High-temperature resistant quartz glass plates represent a unique class of special glass products, manufactured from high-purity silicon dioxide (SiO₂). The long-term operating temperature of these plates can exceed 1000°C, while their short-term durability can withstand temperatures of up to 1700°C. They are widely used in a variety of applications, including laboratory heating, semiconductor manufacturing, and industrial high-temperature reactions. Its corrosion and oxidation resistance are key factors in determining its application scope and service life. The subsequent analysis will address these two aspects in detail.
- Corrosion resistance: selective tolerance and limitations
The corrosion resistance of quartz glass plates is attributed to the atomic crystal structure of SiO₂, which forms stable chemical bonds that are resistant to damage from most media. However, quartz glass is significantly sensitive to specific substances.

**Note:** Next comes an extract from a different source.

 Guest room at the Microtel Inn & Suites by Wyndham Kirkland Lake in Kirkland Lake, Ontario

- Resistance characteristics to acid media
Quartz glass plates boast an extremely strong resistance to corrosion when exposed to a wide range of acids. At room temperature, concentrated hydrochloric acid, concentrated sulfuric acid, nitric acid, and acetic acid, among others, are unable to corrode the surfaces of quartz glass plates. Despite being heated to 200°C, these acids still demonstrate considerable difficulty in destroying the structure of quartz glass. However, two exceptions should be noted.

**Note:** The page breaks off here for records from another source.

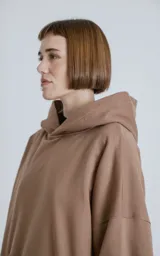 Buzo hoodie marrón de corte oversize, confeccionado en algodón rústico. Tiene capucha forrada, bolsillo tipo bomber con cierre en la manga y bolsillo canguro.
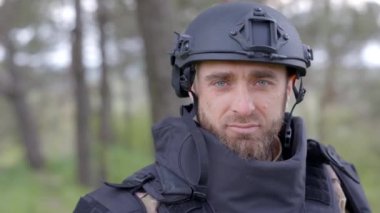 Üniformalı ve taktik yelekli genç asker ormanda çalışıyor ve geçici bir orman üssünde harekete geçmeye hazırlanıyor. Bir adam bölgeyi mayınlardan arındırmak için çalışır.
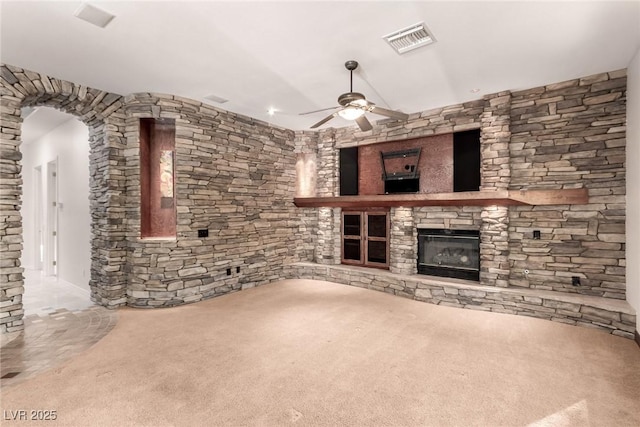 unfurnished living room featuring ceiling fan, a fireplace, and carpet floors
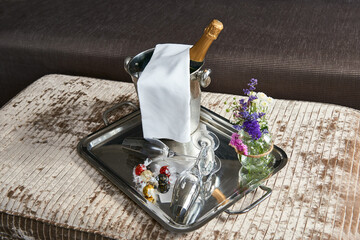 Tray with a bottle of champagne in a champagne bucket with ice,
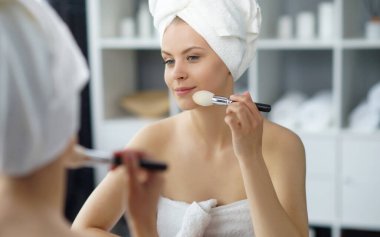 Young woman sits in the bathroom in front of the makeup mirror and does cosmetic procedures. Beautiful girl in white towel. The concept of skin care, health, rejuvenation and spa treatment.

Hydrofluoric acid (HF): Irrespective of concentration or temperature, HF will undergo an irreversible reaction with SiO₂, causing the quartz glass plates to dissolve rapidly.
Hot phosphoric acid: When the temperature exceeds 300°C, phosphoric acid reacts with SiO2 to form soluble silicon phosphate. Therefore, quartz glass plates are strictly forbidden in high-temperature phosphoric acid environments.
- Sensitive reaction to alkaline media
Quartz glass plates have relatively low resistance to strong alkali corrosion. At room temperature, the corrosion by dilute alkali is slow, but the rate increases sharply as the temperature rises. At elevated temperatures (e.g. 800°C), molten strong alkali reacts with SiO2 to form silicates, which can result in cracks, spalling and even breaking of the glass.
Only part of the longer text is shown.